Una vez que Mari hubo terminado de alimentarlo, dos de los gitanos izaron suavemente a Lubji sobre uno de los carromatos y la pequeña comitiva continuó su camino, adentrándose todavía más en el bosque.
Continuaron su avance, evitando los pueblos, e incluso las carreteras, poniendo cada vez mayor distancia entre ellos y el lugar donde se había producido el tiroteo. Día tras día, Mari cuidaba de Lubji, hasta que finalmente éste pudo incorporarse. Ella se sintió encantada al comprobar lo rápidamente que aprendió a hablar su lengua. Lubji practicó durante varias horas una frase que deseaba decirle. Luego, aquella noche, cuando ella acudió para darle de comer, le dijo en un fluido romaní que era la mujer más hermosa que hubiera visto en su vida. Ella se sonrojó y se alejó corriendo. No regresó de nuevo hasta la hora del desayuno.
Gracias a las constantes atenciones de Mari, Lubji se recuperó con rapidez y pronto pudo unirse a sus salvadores alrededor de la hoguera del campamento, por la noche. A medida que los días se convirtieron en semanas no sólo empezó a llenar el traje con su cuerpo, sino que también tuvo que soltarse agujeros del cinturón.
Una noche, tras regresar de caza con Rudi, Lubji le dijo que no tardaría en tener que abandonarles.
– Tengo que llegar a un puerto y alejarme tanto como pueda de los alemanes -le explicó.
Rudi asintió con un gesto, mientras estaban sentados alrededor del fuego del campamento, compartiendo un conejo. Ninguno de ellos observó la mirada de tristeza que apareció en los ojos de Mari.
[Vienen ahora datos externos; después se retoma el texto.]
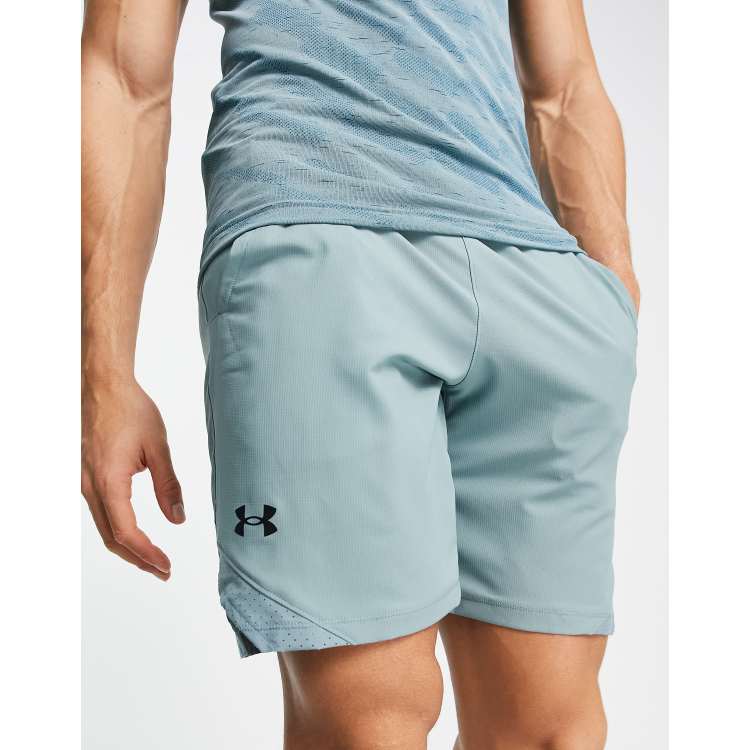 In his first collection with Under Armour, Under Armour Training Short met  ingeweven woordmerk in zwart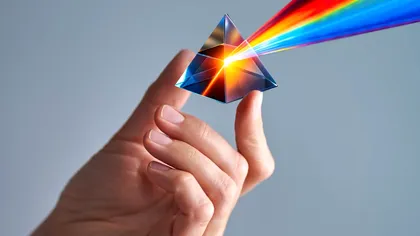 Lumina transformată în supersolid. Descoperirea care promite mai mult decât pare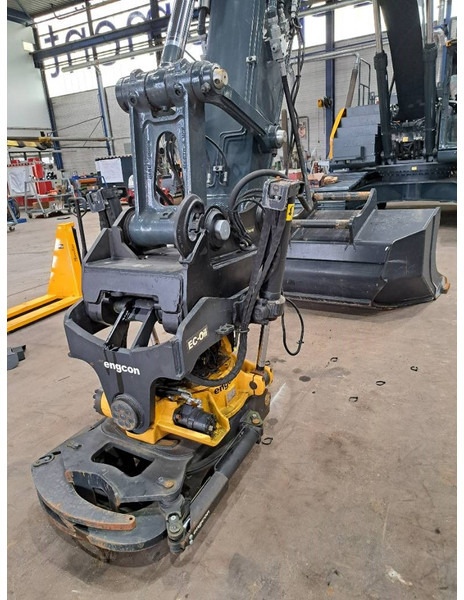 Engcon EC233, OQ80, GB29 = Rotator + Coupler + Gripper + - Accessoire pour Engins de chantier: photos 5 Engcon EC233, OQ80, GB29 = Rotator + Coupler + Gripper + - Accessoire pour Engins de chantier: photos 5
Aquella noche, al regresar al carromato, Lubji encontró a Mari esperándole. Subió para sentarse junto a ella y tratar de explicarle que puesto que la herida casi se había curado, ya no necesitaba de su ayuda para desnudarse. Ella le sonrió y, con movimientos lentos, le apartó la camisa del hombro, le quitó el vendaje y limpió la herida. Miró en su bolsa de lona, frunció el ceño, vaciló un momento y se desgarró el vestido, utilizando esa tira de tela para volver a vendarle el hombro.
Lubji miró fijamente las largas piernas morenas de Mari mientras ella le pasaba los dedos sobre el pecho y los hacía descender hasta la cintura de sus pantalones. Le sonrió y empezó a desabrocharle los botones. Lubji colocó una mano fría sobre el muslo de ella y se ruborizó cuando Mari se levantó el vestido y reveló que no llevaba nada debajo.
Mari esperó con expectación a que él moviera la mano, pero Lubji seguía con la mirada fija. Se inclinó hacia él y le quitó los pantalones, después se puso a horcajadas y descendió suavemente sobre él. Lubji se quedó tan quieto como cuando fue derribado por la bala, y Mari empezó a moverse lentamente, arriba y abajo, con la cabeza echada hacia atrás. Le tomó la mano y la colocó en el interior del escote de su vestido. Se estremeció la primera vez que él le tocó el pecho cálido. Lubji dejó la mano allí, sin moverse, a pesar de que el ritmo de ella se hacía más y más rápido. Cuando hubiera querido gritar, la tomó en sus brazos y la atrajo rápidamente hacia abajo, para besarla torpemente en los labios. Pocos segundos más tarde estaba tumbado, exhausto, preguntándose si le habría hecho daño, hasta que abrió los ojos y vio la expresión del rostro de Mari, que se hundió junto a su hombro, rodó hacia un lado y se quedó profundamente dormida.